The records below must be returned exactly, with every picture left out.

- - -

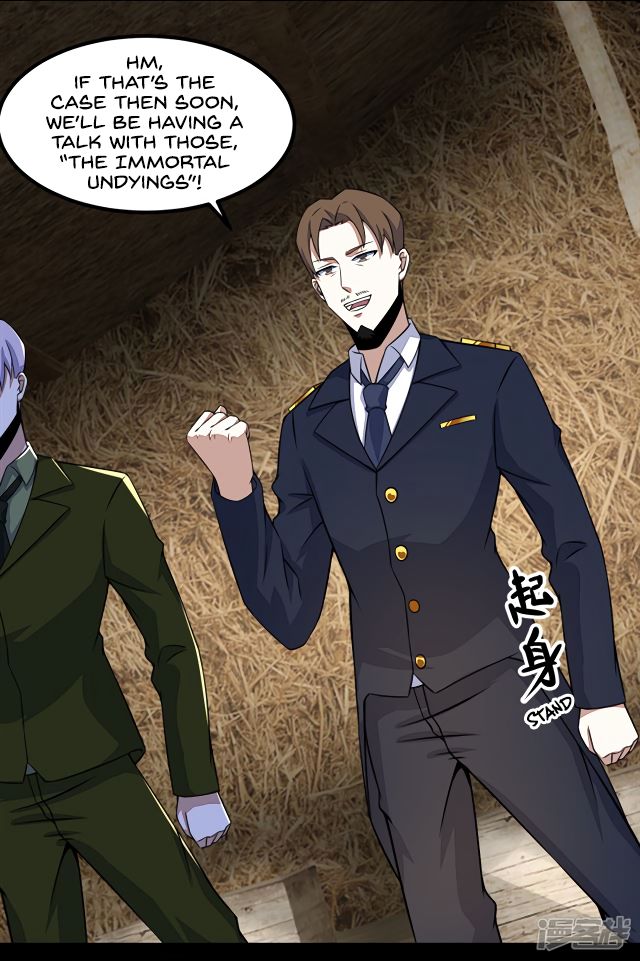 Page 9 of Chapter 127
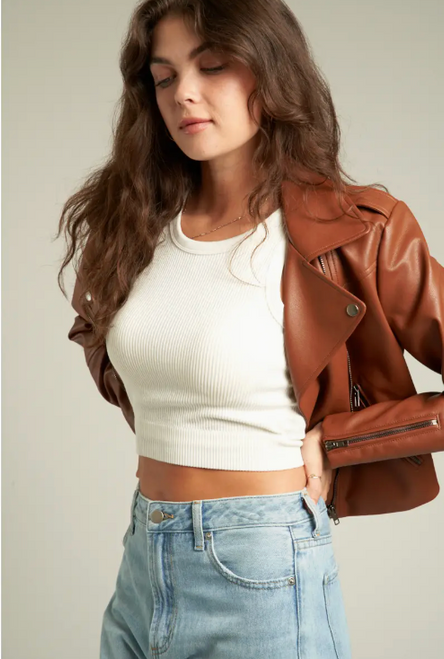 EJ91549TZ BROWN EJ91549TZ BROWN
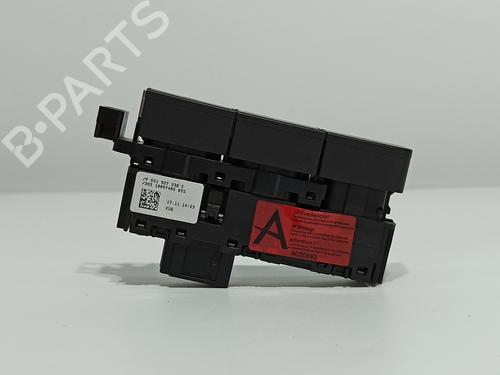 Switch VW GOLF VII (5G1, BQ1, BE1, BE2) 1.6 TDI | BP12137370I30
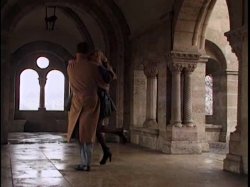 Captura de 'Perversion Of Barbara, The' nº 3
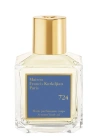 Maison Francis Kurkdjian 724 Scented Body Oil 70ml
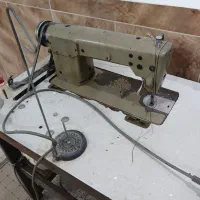 چرخ راسته دوز|چرخ خیاطی و ریسندگی|اندیمشک, |دیوار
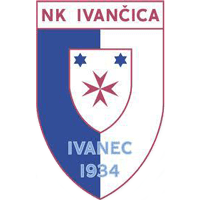 logo of NK Ivančica Ivanec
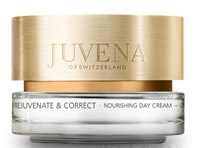 Rejuvenate & Correct Nourishing Day Cream (normal & dry skin) 50ml
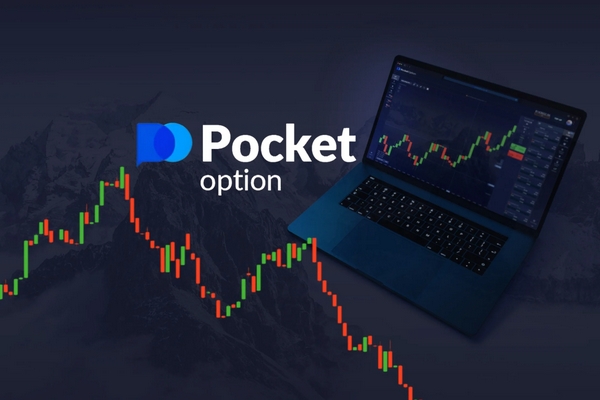 Pocket Option Trader Indonesia - A Comprehensive Guide Pocket Option Trader Indonesia - A Comprehensive Guide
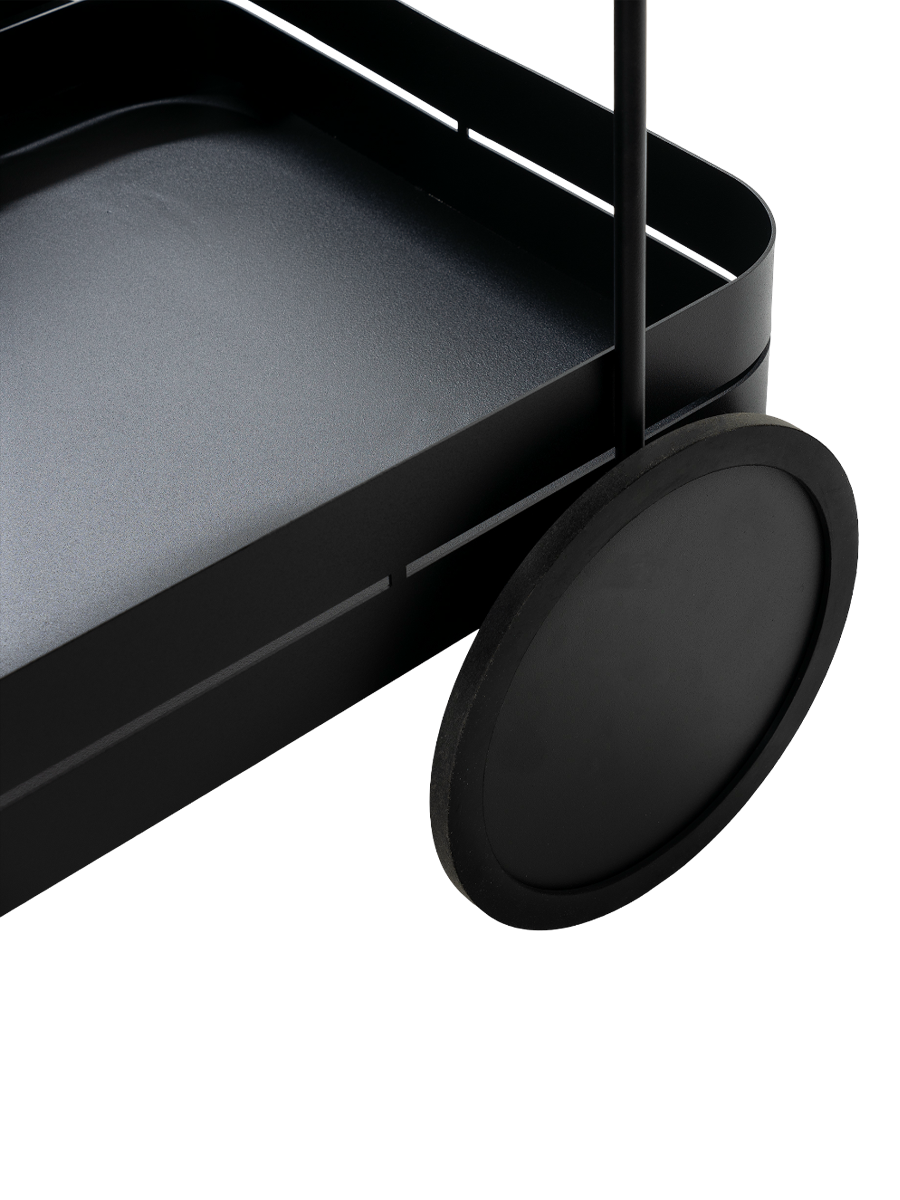 IMAGE for product variant SKU ST579-22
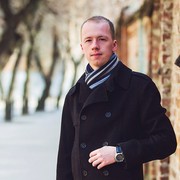  ,   Denys, 35 ,   ,   , c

- - -

● **ANSWER SECTION**:
 Page 9 of Chapter 127
 EJ91549TZ BROWN EJ91549TZ BROWN
 Switch VW GOLF VII (5G1, BQ1, BE1, BE2) 1.6 TDI | BP12137370I30
 Captura de 'Perversion Of Barbara, The' nº 3
 Maison Francis Kurkdjian 724 Scented Body Oil 70ml
 چرخ راسته دوز|چرخ خیاطی و ریسندگی|اندیمشک, |دیوار
 logo of NK Ivančica Ivanec
 Rejuvenate & Correct Nourishing Day Cream (normal & dry skin) 50ml
 Pocket Option Trader Indonesia - A Comprehensive Guide Pocket Option Trader Indonesia - A Comprehensive Guide
 IMAGE for product variant SKU ST579-22
  ,   Denys, 35 ,   ,   , c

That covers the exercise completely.